• [The task]: Further down are entries; set down exactly and only the lines from the one with "7105 NW 74TH PL, Tamarac, FL 33321" up to and including the one with "Zara Zara saten elbise", dropping each picture.

[Provided data]

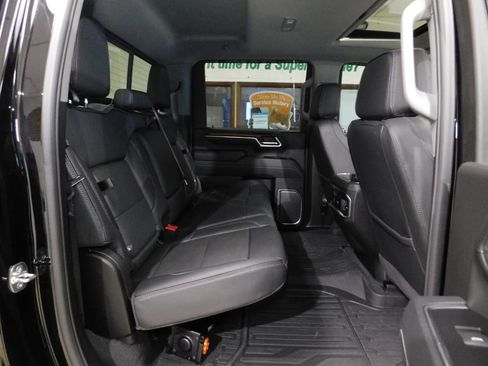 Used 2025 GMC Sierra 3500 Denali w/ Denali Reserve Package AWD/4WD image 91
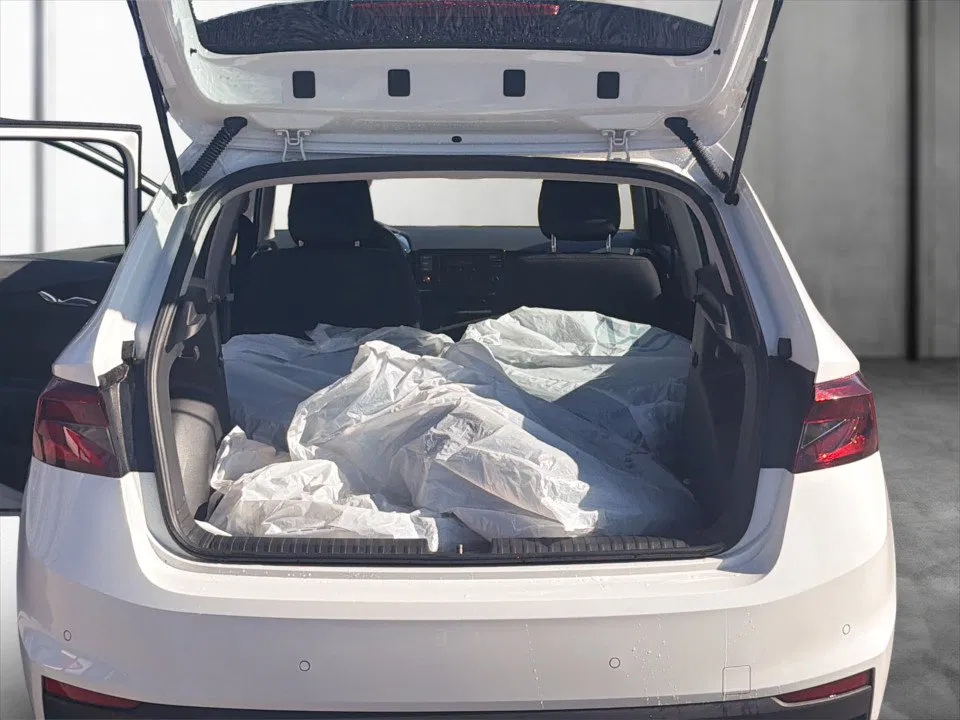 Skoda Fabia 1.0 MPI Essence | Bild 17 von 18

[/Provided data]
[Provided data]

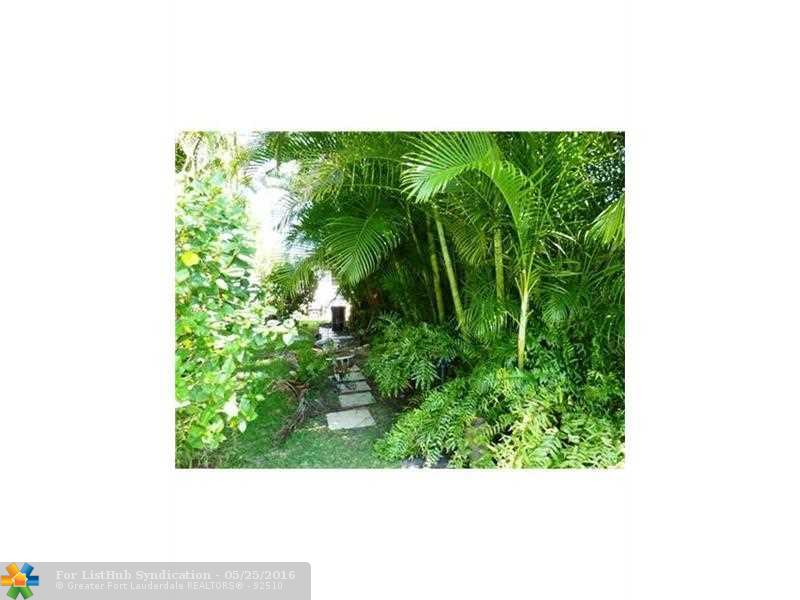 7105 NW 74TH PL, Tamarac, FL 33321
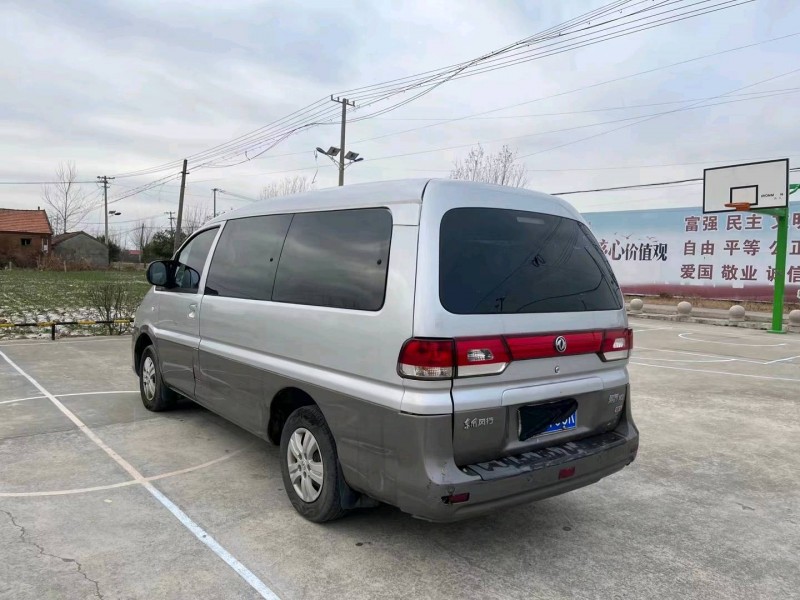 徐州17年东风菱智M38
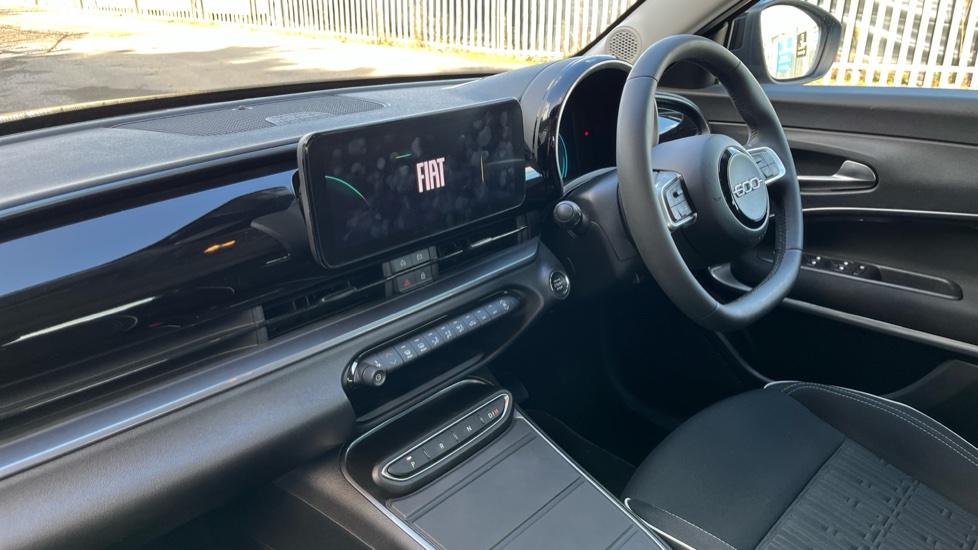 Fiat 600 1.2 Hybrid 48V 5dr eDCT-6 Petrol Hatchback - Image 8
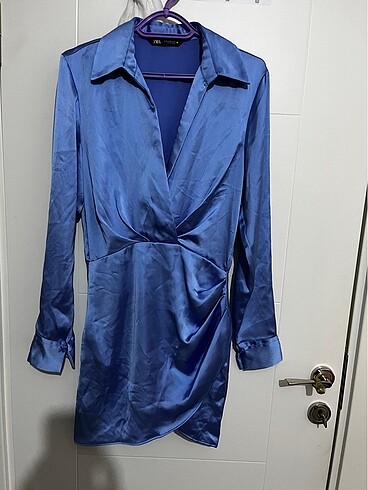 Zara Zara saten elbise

[/Provided data]
[Provided data]

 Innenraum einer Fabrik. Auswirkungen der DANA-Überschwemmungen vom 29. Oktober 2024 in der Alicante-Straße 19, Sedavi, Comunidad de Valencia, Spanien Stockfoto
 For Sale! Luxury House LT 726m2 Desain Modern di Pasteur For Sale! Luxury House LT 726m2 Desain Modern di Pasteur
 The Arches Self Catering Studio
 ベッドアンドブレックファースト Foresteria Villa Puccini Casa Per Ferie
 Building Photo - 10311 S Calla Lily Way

[/Provided data]

• [Task response]:
 7105 NW 74TH PL, Tamarac, FL 33321
 徐州17年东风菱智M38
 Fiat 600 1.2 Hybrid 48V 5dr eDCT-6 Petrol Hatchback - Image 8
 Zara Zara saten elbise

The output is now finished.